Tuesday, 08 Mar 2011
Longhai Steel Inc a producer of steel wire products in the People Republic of China announced its preliminary unaudited financial highlights for the year ended December 31 2010.
The financial results provided in this news release are preliminary, unaudited, and subject to adjustment. Longhai Steel expects to release its audited financial results by March 15 2011.
Year 2010 preliminary unaudited highlights
1. Net revenues were USD 475.0 million up 27.1% from 2009.
2. Gross profit was USD 18.6 million up 10.4% from 2009.
3. Net income was USD 11.5 million down 2.0% from 2009.
4. Basic and diluted earnings per share were USD 1.15, down 3.4% from 2009.
5. Weighted average shares outstanding increased 1.2% in 2010 to 9,965,068 shares.
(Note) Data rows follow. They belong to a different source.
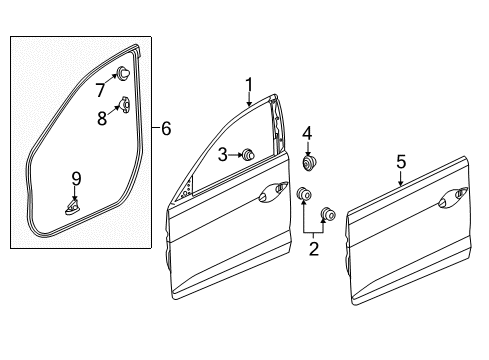 2020 Acura ILX Front Door Weatherstrip, Left Front Door Diagram for 72350-TX6-A01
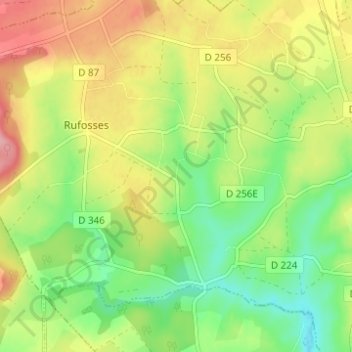 Mappa topografica L'Amanderie, altitudine, rilievo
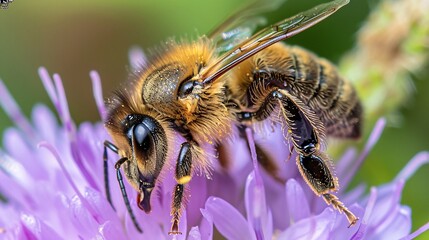 Macro shot of honeybee resting on purple flower, highlighting its legs and wings
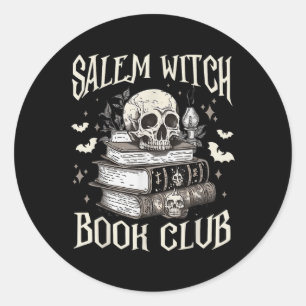 Pegatina Redonda Salem Witch Book Club Halloween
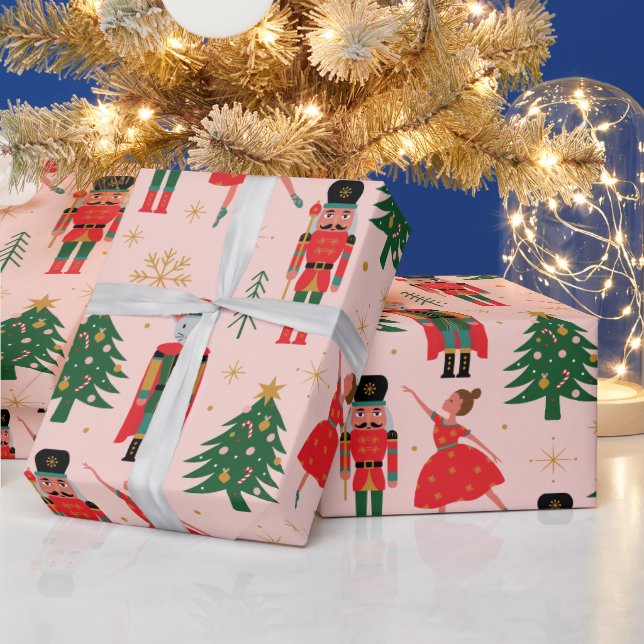 Nutcracker Cute Pink Christmas Wrapping Paper (Holidays)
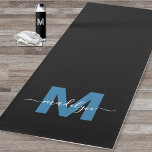Personalised Chic Calligraphy Name Monogram Blue Yoga Mat<br><div class="desc">Create Your Own Personalised Modern Bold Script Name Monogram Black and White Double-Sided Yoga Mat. This chic, luxury yoga mat features a stylish monogram design with a sleek black background and a bold blue initial, overlaid with a flowing white script name for a personal touch. Designed for both sides, this...</div>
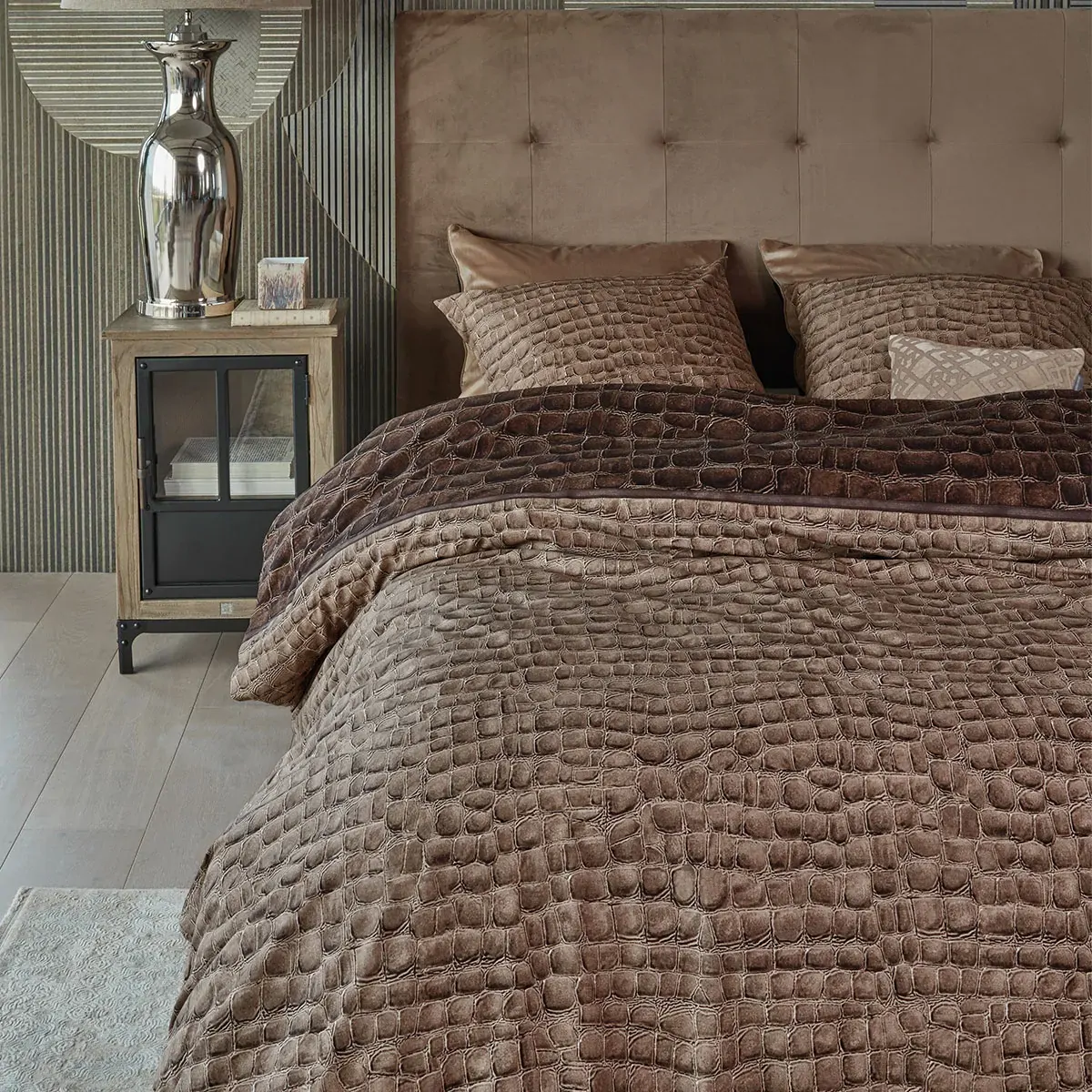 Riviera Maison Croco Brown Cotton Quilt Cover Set King Riviera Maison Croco Brown Cotton Quilt Cover Set King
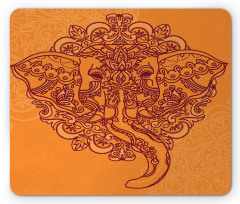 Paisley Ornamental Elephant Mouse Pad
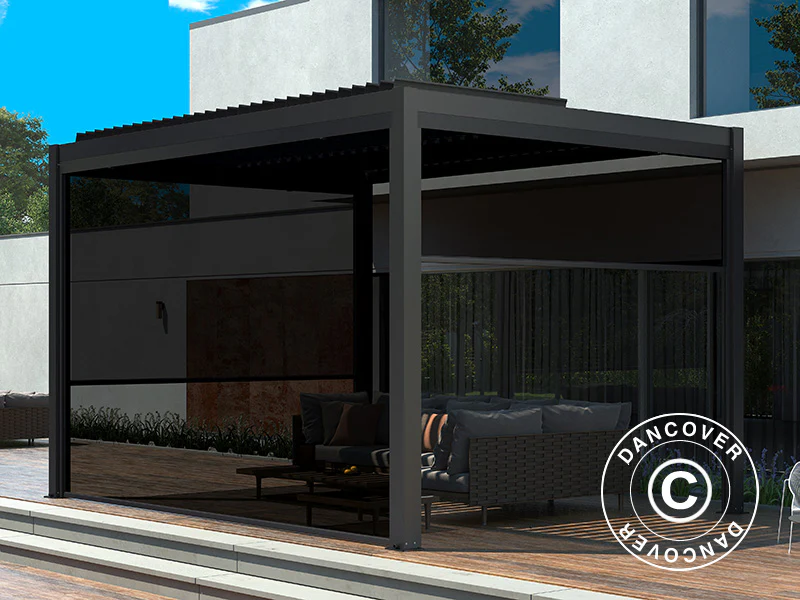 Elektrische Seitenwand für bioklimatischen Pergola Pavillon San Pablo, 4m, Schwarz - Imagen 3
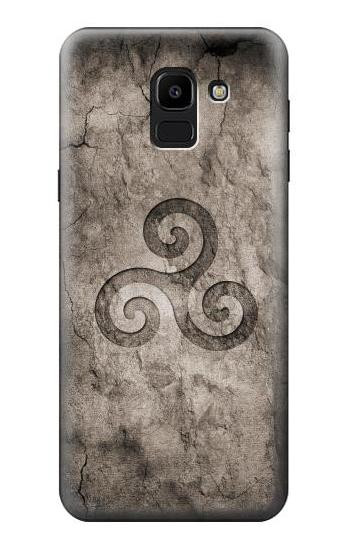 S2892 Triskele Symbol Stone Texture Etui Coque Housse pour Samsung Galaxy J6 (2018)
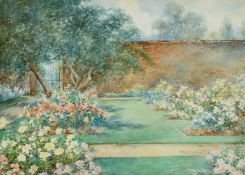 Annie L. Pressland (1862-1933) British, A walled garden in full bloom, watercolour, signed, 9.75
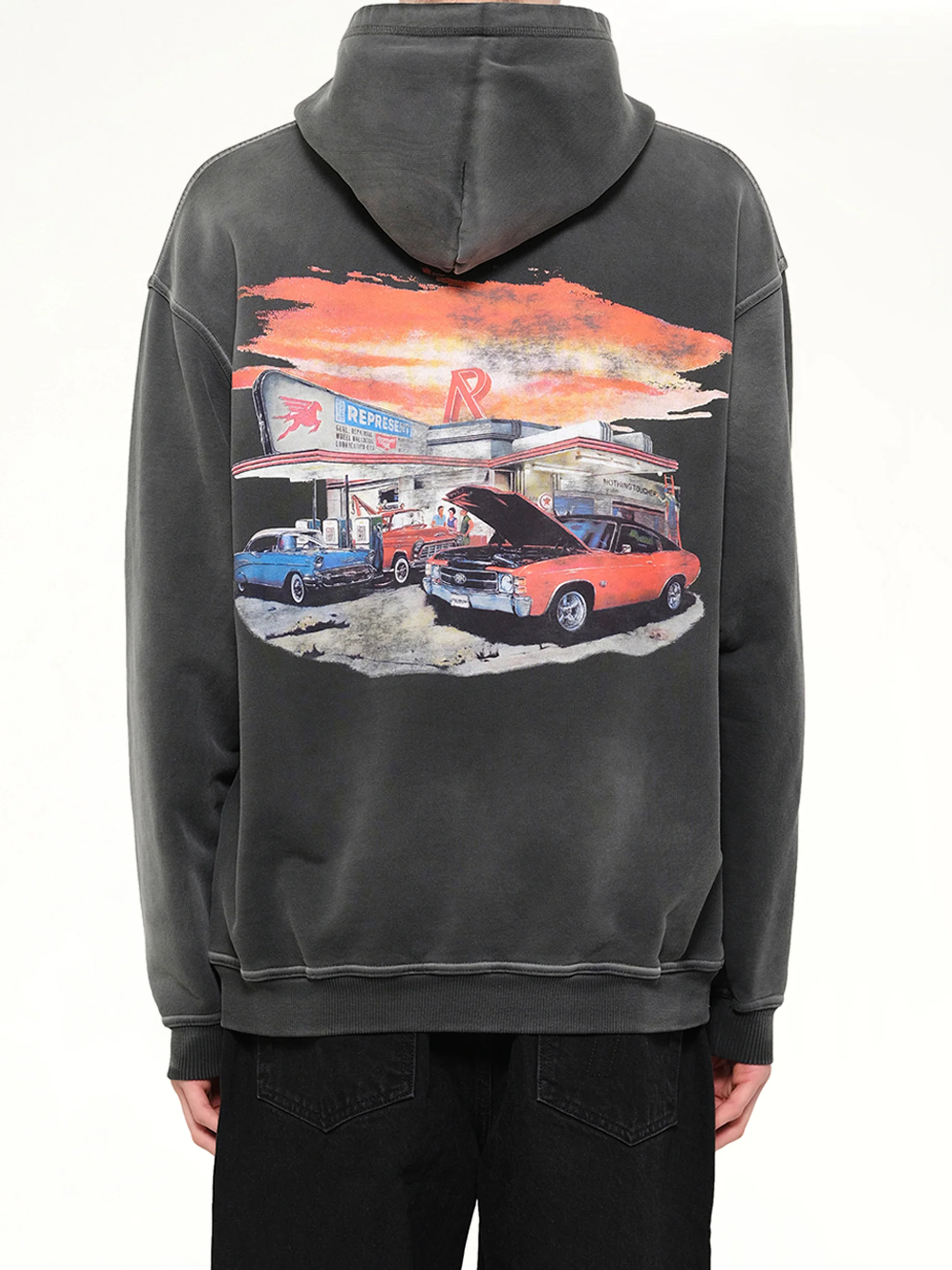 24 Hour Service Hoodie in Stained Black - Image 5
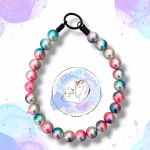 Beaded slip on dog collar made from 20mm round acrylic beads in ombre colours
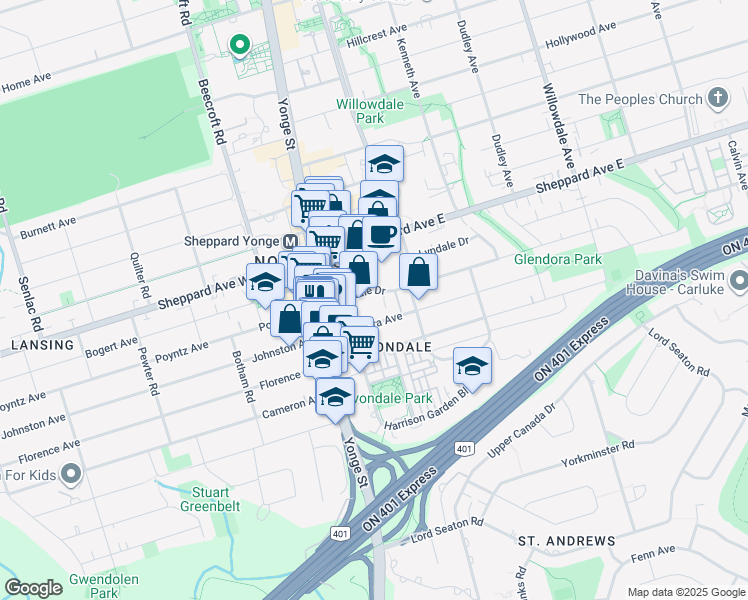 map of restaurants, bars, coffee shops, grocery stores, and more near in Toronto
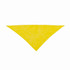 A triangular bandana in a bright yellow colour, featuring a logo.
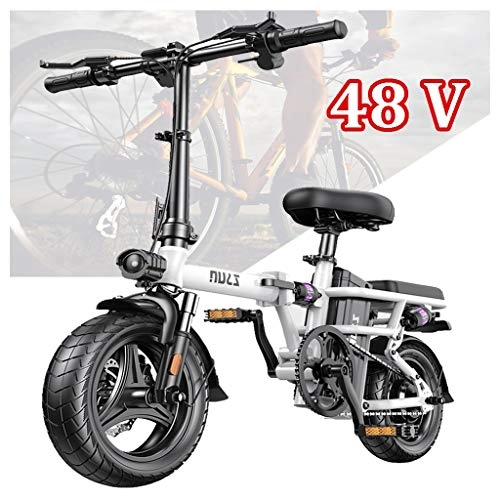 Electric Bike : ZJGZDCP Electric Bike For Adults Foldable 14 Inch 48V Lithium Battery Electric Bicycle Commute Ebike With High Frequency Motor And Disc Brake City Bicycle - Max Speed 25 Km / h
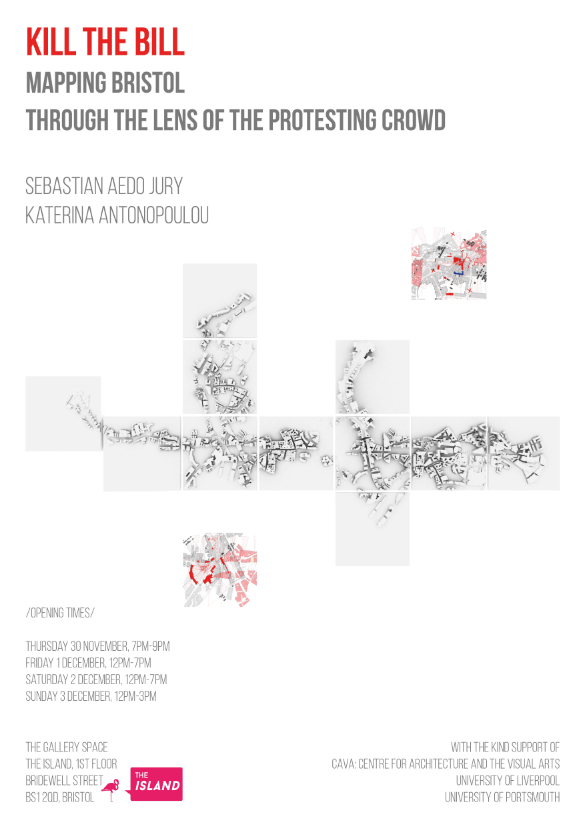 Post for exhibition with an image of a 3D map overlayed onto grey Tiles. Text read Mapping Bristol: Through the lens of a protesting crowd.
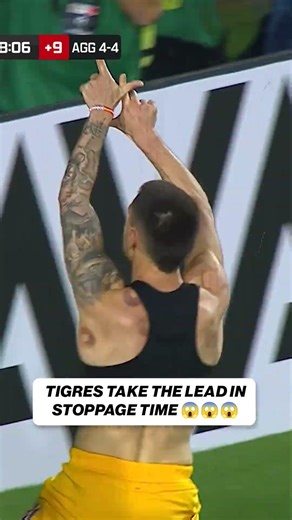 TIGRES TAKE THE AGGREGATE LEAD IN THE 8TH MINUTE OF STOPPAGE TIME 🤯 #CCC #soccer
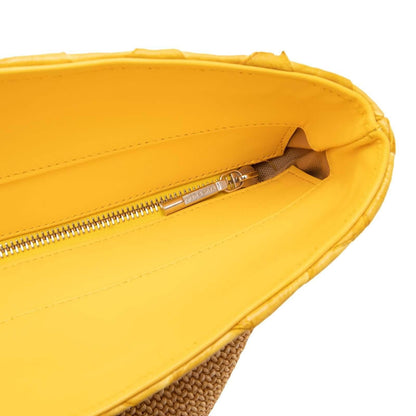 Rio Beach Bag in Camel Raffia & Honey Yellow Pirarucu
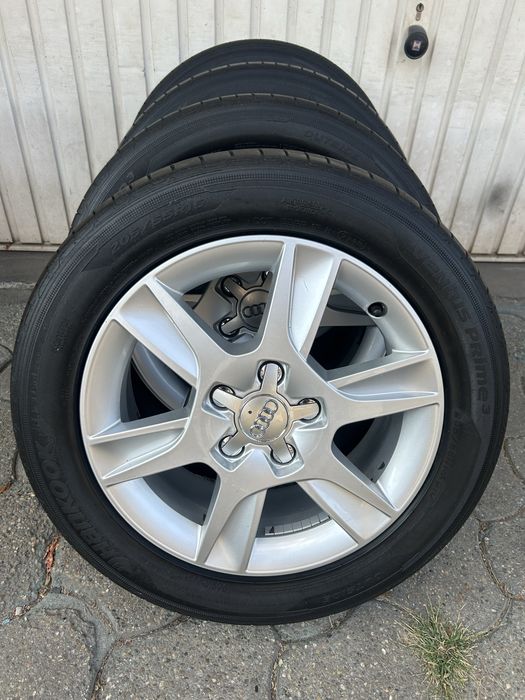 Jante aliaj 5x112mm, anvelope vara 205/55 R16, Audi A3, A4 B6, B7, VW, Seat, Skoda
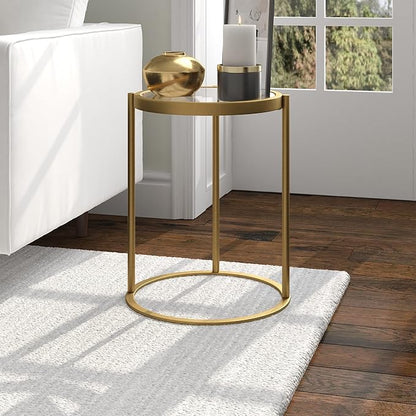 Duxbury 16'' Wide Round Side Table in Brass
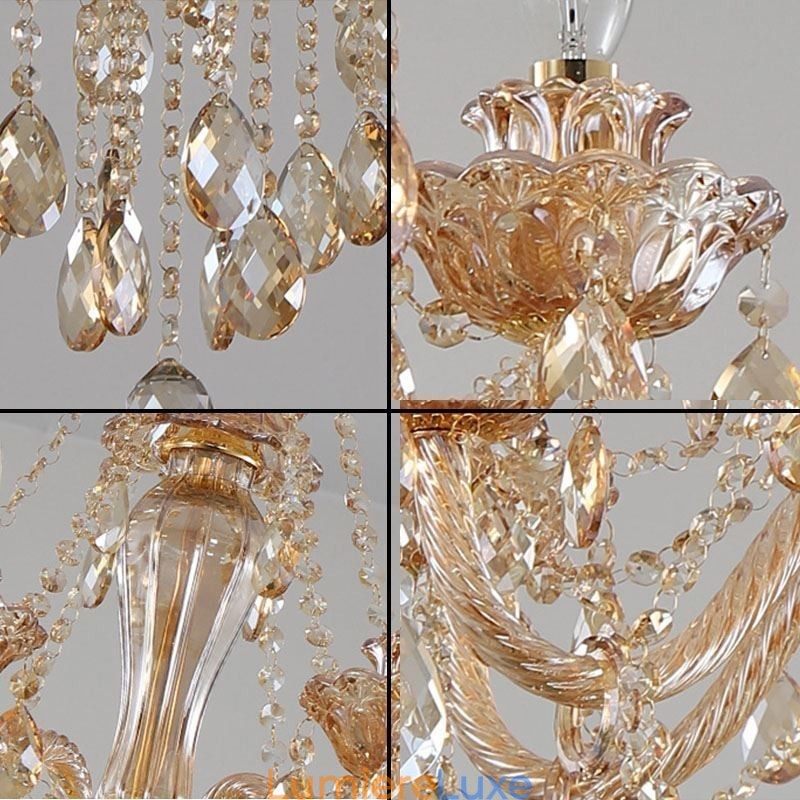Lustre européen en cristal de luxe cognac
Mr Chaojun Wang Chairman and Chief Executive Officer of Longhai Steel said, "We are pleased with our operating performance for 2010 and expect to continue our good growth in 2011. Our fourth quarter 2011 was especially good, with revenues up 60.7% and net income up 28.5% from the fourth quarter 2009. During the summer of 2010, we reduced wire prices to respond to competitive pressures from a larger than expected local supply of wire. Since that situation appeared to be temporary, we believe that the spreads between billet costs and wire prices have returned to more normal relationships for 2011. As we did in 2010, we expect to benefit for the next several years from the growing demand for steel wire used for construction and infrastructure as China continues its dramatic urbanization and modernization."
Net revenues increased 27.1% to USD 475.0 million in the year ended December 31 2010 from USD 373.7 million in 2009 primarily due to a 17.8% increase in the average price for wire per ton. Longhai Steel's tonnage sold in 2010 increased 6.9% to 906,836 metric tons from 848,063 tons in 2009.
Cost of goods sold increased 27.9% to USD 456.4 million in 2010 from USD 356.8 million in 2009. Cost of goods sold as a percentage of net revenues was 96.1% in 2010 compared with 95.5% in 2009. The cost of goods sold is largely determined by movements in steel billet prices and by volume. Billets typically account for more than 95% of cost of goods sold. The weighted average cost of goods sold per ton of wire increased 18.8% in 2010 from 2009.
Gross profit increased 10.4% to USD 18.6 million in 2010 from USD 16.8 million in 2009. The gross profit margin decreased to 3.9% in 2010 from 4.5% in 2009 mainly due to narrowing of the spread between billet purchase prices and wire sales prices, as the company lowered prices to respond to competitive pricing pressures from larger-than-expected local supplies of wire during the summer of 2010.
General and administrative expenses increased 100.9% to USD 2.2 million in 2010 from USD 1.1 million in 2009 due to a stock option granted to an executive and higher expenses for social insurance, and expenses related to the company's preparation for a securities offering and for the trading of its common shares on NASDAQ.
Income tax increased 2.4% to USD 4.0 million in 2010 from USD 3.9 million in 2009, with the effective tax rate of 25.8% in 2010 and 25.0% in 2009. Net income decreased 2.0% to USD 11.5 million in 2010 from USD 11.7 million in 2009. Basic and diluted earnings per share decreased 3.4% to USD 1.15 in 2010 from USD 1.19 in 2009.
As of December 31 2010, cash and cash equivalents were USD 0.3 million, shareholders' equity was USD 44.5 million and total assets were USD 78.0 million.